By analyzing existing cross correlation between Wienerberger AG and S IMMO AG, you can compare the effects of market volatilities on Wienerberger and S IMMO and check how they will diversify away market risk if combined in the same portfolio for a given time horizon. You can also utilize pair trading strategies of matching a long position in Wienerberger with a short position of S IMMO. Check out your portfolio center. Please also check ongoing floating volatility patterns of Wienerberger and S IMMO.

Diversification Opportunities for Wienerberger and S IMMO

0.43
  Correlation Coefficient

Very weak diversification

The 3 months correlation between Wienerberger and SPI is 0.43. Overlapping area represents the amount of risk that can be diversified away by holding Wienerberger AG and S IMMO AG in the same portfolio, assuming nothing else is changed.
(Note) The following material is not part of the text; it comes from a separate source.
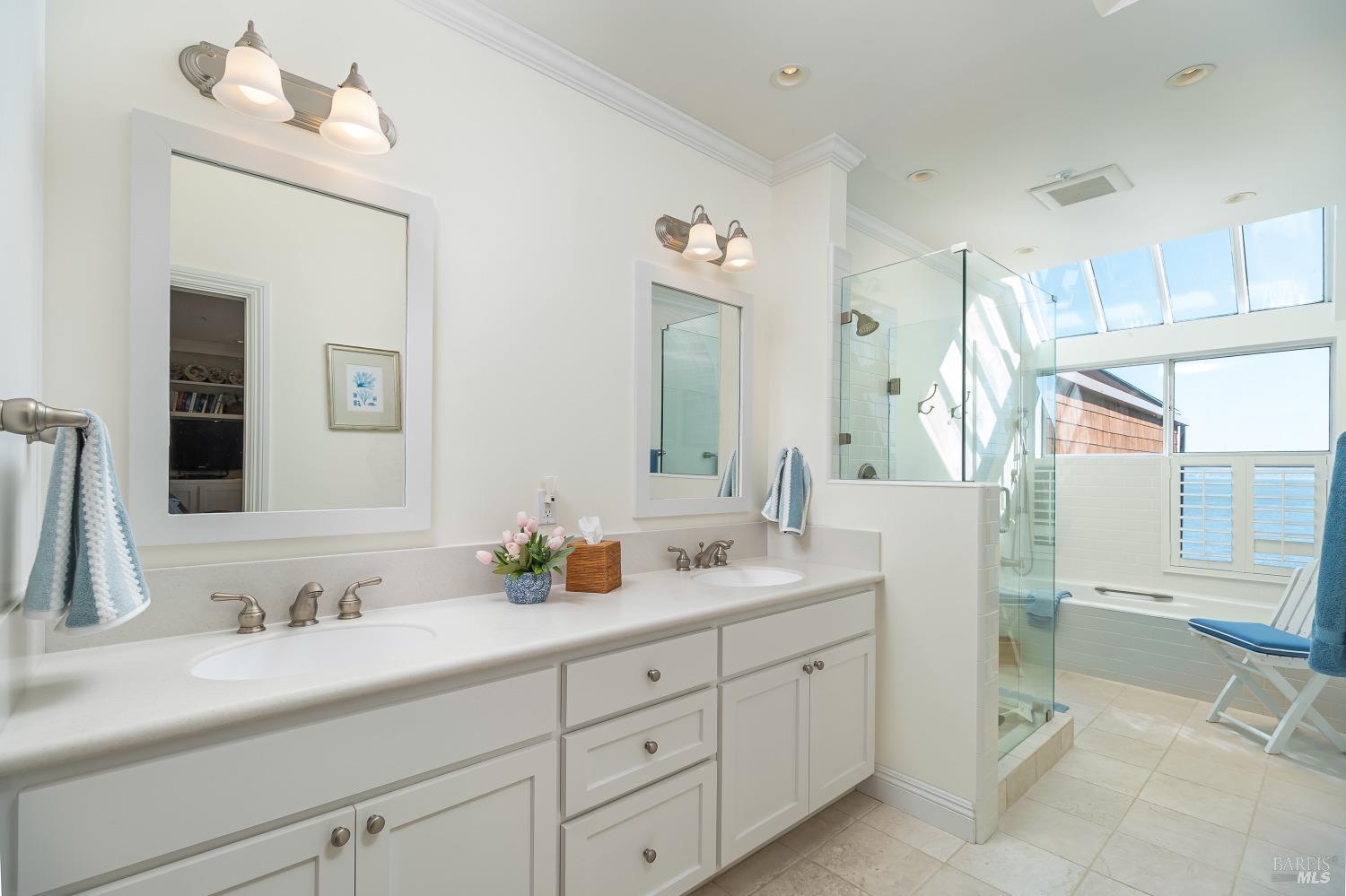 Detail Gallery Image 22 of 36 For 403 Paradise Dr, Tiburon,  CA 94920 - 3 Beds | 2/1 Baths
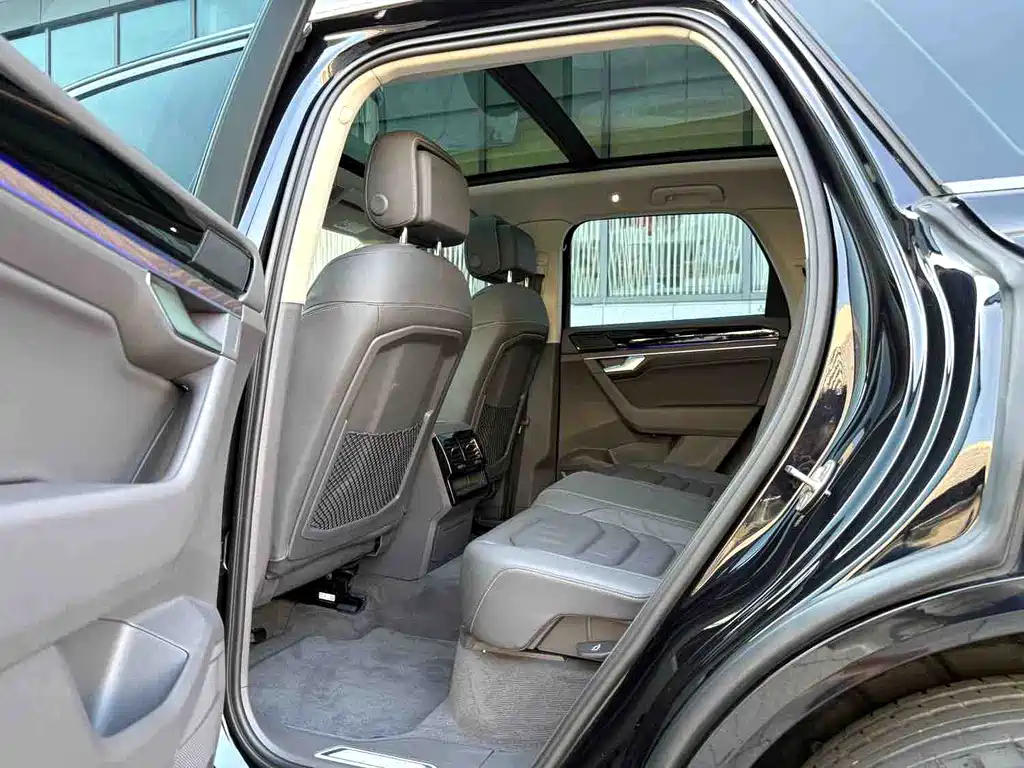 Volkswagen Touareg 2021 3.0TSI Sport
The correlation between historical prices or returns on S IMMO AG and Wienerberger is a relative statistical measure of the degree to which these equity instruments tend to move together. The correlation coefficient measures the extent to which returns on Wienerberger AG are associated (or correlated) with S IMMO. Values of the correlation coefficient range from -1 to +1, where. The correlation of zero (0) is possible when the price movement of S IMMO AG has no effect on the direction of Wienerberger i.e., Wienerberger and S IMMO go up and down completely randomly.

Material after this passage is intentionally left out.